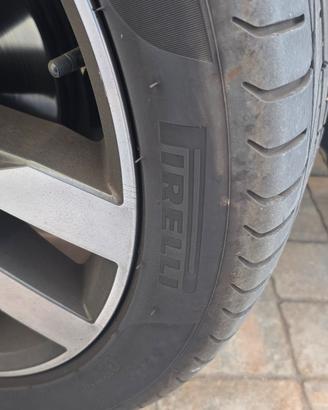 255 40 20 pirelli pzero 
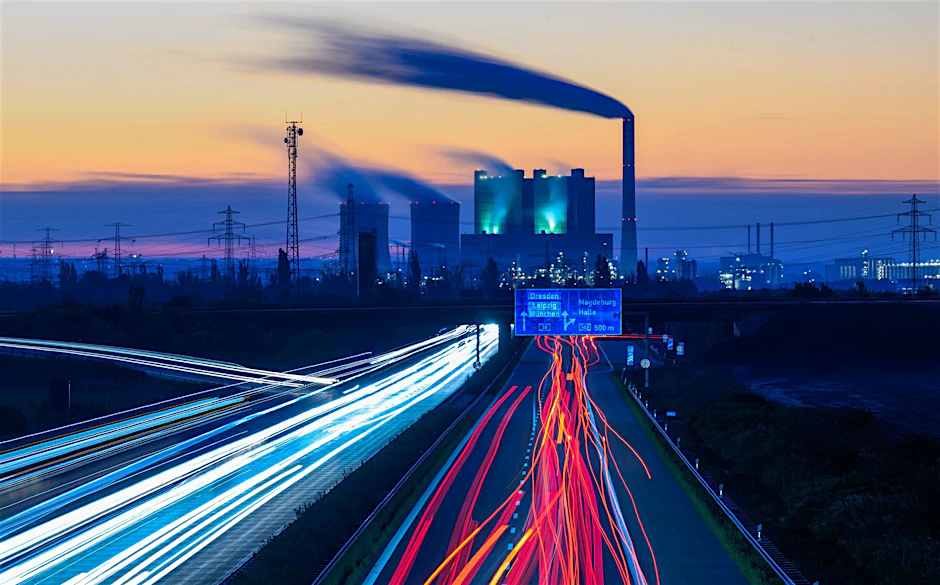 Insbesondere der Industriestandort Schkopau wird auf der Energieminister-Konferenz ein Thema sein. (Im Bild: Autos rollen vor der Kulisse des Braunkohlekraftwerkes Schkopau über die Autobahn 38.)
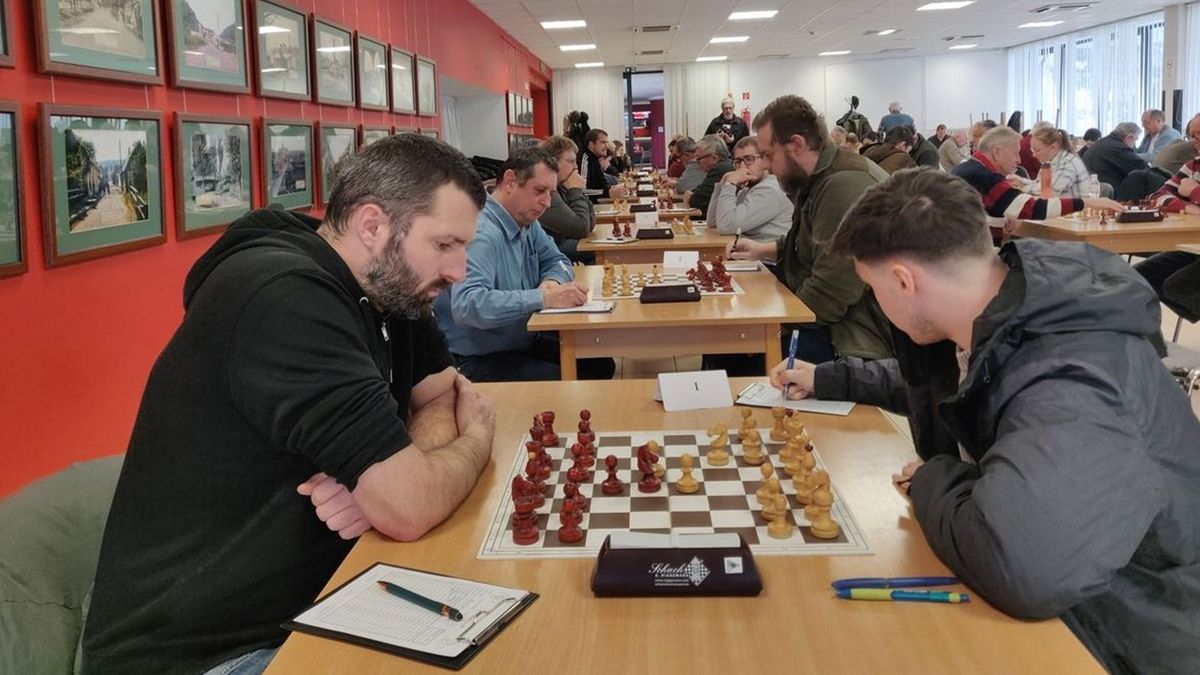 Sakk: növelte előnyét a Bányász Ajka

**Goal of the exercise**
Make an exact copy of the whole listing, but don't bring over any pictures.

**Result**
 255 40 20 pirelli pzero 
 Insbesondere der Industriestandort Schkopau wird auf der Energieminister-Konferenz ein Thema sein. (Im Bild: Autos rollen vor der Kulisse des Braunkohlekraftwerkes Schkopau über die Autobahn 38.)
 Sakk: növelte előnyét a Bányász Ajka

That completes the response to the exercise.